The exPrior
package is written in a flexible manner, such that it can assimilate data that come in the form of measurements, bounds, or moments. To exemplify this flexibility, let us use in this example synthetic data from three sites called S1, S2, and S3. From Site S1 we have data in the form of bounds, where the minimum value of a property of S1 is 2, and its maximum value is 4. Site S2 has data in the form of moments, where the first moment, or site mean, is 2, while the second moment, or site variance, is 0.1. Finally, site S3 has three measurements.

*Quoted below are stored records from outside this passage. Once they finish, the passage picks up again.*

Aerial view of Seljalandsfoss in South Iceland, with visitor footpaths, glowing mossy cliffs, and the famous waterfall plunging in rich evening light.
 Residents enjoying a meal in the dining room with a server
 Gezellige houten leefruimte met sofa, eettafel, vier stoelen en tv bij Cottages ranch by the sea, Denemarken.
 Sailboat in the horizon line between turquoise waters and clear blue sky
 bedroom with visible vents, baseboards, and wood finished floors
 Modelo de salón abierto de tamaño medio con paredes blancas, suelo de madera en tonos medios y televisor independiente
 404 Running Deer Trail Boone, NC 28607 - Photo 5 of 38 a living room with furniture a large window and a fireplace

The code below shows how to format the data in R such that it can be read into genExPrior()
.
library(devtools)
## Loading required package: usethis
load_all()
## Warning: 1 components of `...` were not used.
##
## We detected these problematic arguments:
## * `action`
##
## Did you misspecify an argument?
## Loading exPrior
## Loading required package: nimble
## nimble version 0.8.0 is loaded.
## For more information on NIMBLE and a User Manual,
## please visit http://R-nimble.org.
##
## Attaching package: 'nimble'
## The following object is masked from 'package:stats':
##
## simulate
##
## Attaching package: 'testthat'
## The following object is masked from 'package:devtools':
##
## test_file
library(exPrior)
Under the assumption that the site specific parameter follows a normal distribution, the function genExPrior
takes in three parameters. First, exdata
is a data frame where the first column contains the data and the second column is a site index where the data come from. Second, $\theta$
is a vector of numerical values where to evaluate the prior distribution. Finally, niter
is an integer for the sample size in the MCMC that is used to evaluate unknown \(\mu_i, \sigma^2_j\) at each site i ( i = 1, 2, 3 in our case). By default it is set to \(10^5\), which is an effective sample size for MCMC. Users are free to choose a different sample size. Putting the data of the three sites into dataframe, we have:
exdata_S1 = data.frame(val=c(2,4), site_id=rep('S1',2), type=c('bound.min','bound.max'))
exdata_S2 = data.frame(val=c(2,0.1), site_id=rep('S2',2), type=c('moment.1','moment.2'))
exdata_S3 = data.frame(val=c(2,3,4), site_id=rep('S3',3), type=c('meas','meas','meas'))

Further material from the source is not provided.